Estate Planning: How Will the Story End?

In honor of National Estate Planning Awareness Week, we sat down with David M. Byrne, Attorney at Law who has practiced in Estate Planning for 31 years.

In honor of National Estate Planning Awareness Week, we sat down with David M. Byrne, Attorney at Law who has practiced in Estate Planning for 31 years.

 

FACF: In your 31 years of practice, you have probably seen it all when it comes to estate planning.

DAVE: I have observed the good, the bad, and some horror stories.

FACF: What factors contribute to the different results?

DAVE: “Estate planning” is exactly what the name says: planning for what happens to a person’s property upon death (the person’s estate). Estate planning should also properly name a person to make business/financial actions and medical decisions on behalf of a person. If a person has a minor or disabled child, it is important to name guardians to care for the child(ren) should the parent die or become unable to do so. To put it simply, a successful result from estate planning is if a person’s desires actually occur regarding who will act for the person financially and medically when needed for the person, who will become the guardian of minor/disabled children, and how the person’s property is distributed as of death.

FACF: What is an estate planning bad result or horror story?

DAVE: A bad estate planning result is when the person’s desires are not met when the person becomes unable to handle the person’s own business or medical affairs and/or upon the person’s death. I have witnessed matters and relationships become very contentious after a person’s incompetency or death, which may result in unnecessary and costly legal proceedings. Those become the horror stories. Relationships are permanently destroyed, and estates are financially depleted by legal proceedings.

FACF: How does a person end up with a successful result and avoid a bad result or even worse a horror story.

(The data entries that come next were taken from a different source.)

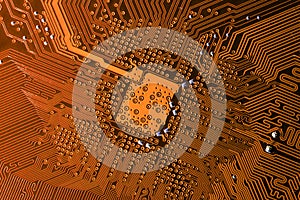 Close up photo of orange pcb printecd circuit board electric paths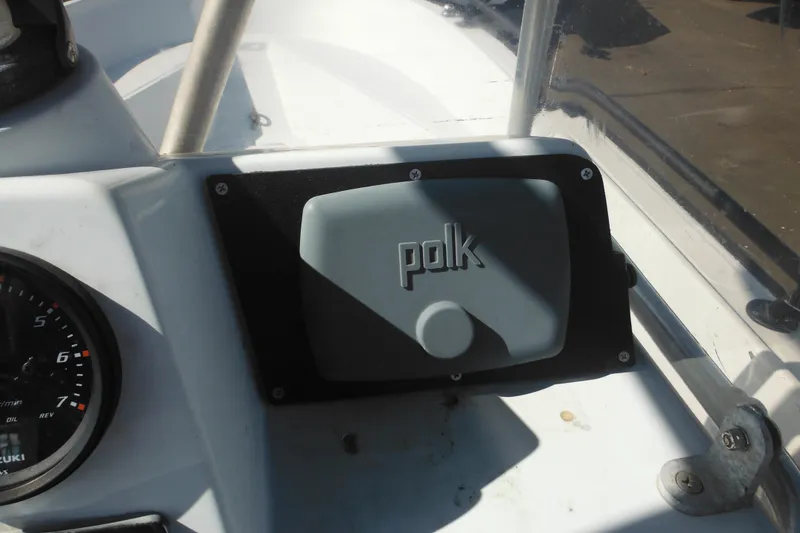 Slide: The Image of 1990 Boston Whaler Guardian 22 dashboard with Polk audio cover and Suzuki gauge. - 21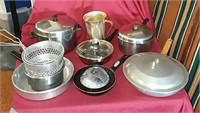 4 fry pans, metal water container, 2 chili pots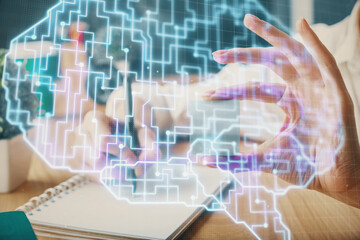 Multi exposure of writing hand on background with brain hologram. Concept of learning.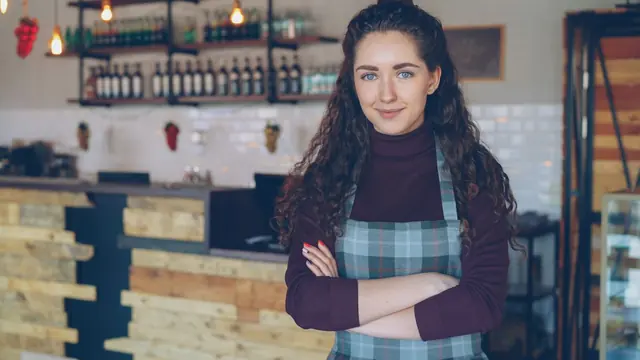 A café owner in a checked apron standing with folded arms in front of a wooden counter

DAVE: The key word in Estate Planning is “plan”. To “plan” as a verb is defined as: “to decide on and arrange in advance”. As a noun, a “plan” is “a detailed proposal for doing or achieving something.” We all have heard the saying: “failing to plan is planning to fail”. If a person doesn’t plan for the person’s disability or death, then the person’s desires are not likely to be met. The best way for a person to plan for that person’s estate, the guardianship of any minor/disabled children, and for when the person is unable to act, is for the person to work with an attorney experienced and specializing in Estate Planning. This attorney can walk the person through a series of questions to make sure the person has thought about the various scenarios and resulting desires for whatever happens in the future. If there are concerns regarding how family members and/or beneficiaries will act, the attorney can draft to limit or remove any potential issues. The attorney will then draft and review with the client the necessary documents to ensure that the client’s desires will be met when the person is unable to act or dies. These documents include Will and/or Living Trust, Durable Power of Attorney, Patient Advocate, etc. A well drafted estate plan that carefully details what the desires of a person are and direct the necessary actions to effectuate same is the best way to make sure that person’s desires are put into effect.

FACF: And the horror stories?

DAVE: I have lots of examples, a few of which are as follows:
People with minor children or disabled children usually have very specific people in mind to be the guardian, if the person is unable to. Unless properly named in a Last Will and Testament, the probate judge will have to select a guardian for the child and the judge is limited by Michigan statute. Several family members may believe that they are the best to care for the child. So instead of stability and the family all working together in a time of crises, there is uncertainty and legal proceedings to determine who the guardian will be. Additionally, the court will need to appoint a conservator to manage any monies for a minor child, annual accountings need to be filed with the probate court, the court will need to approve expenditures spent for that minor child, and the child will receive the remaining monies upon attaining the age of 18.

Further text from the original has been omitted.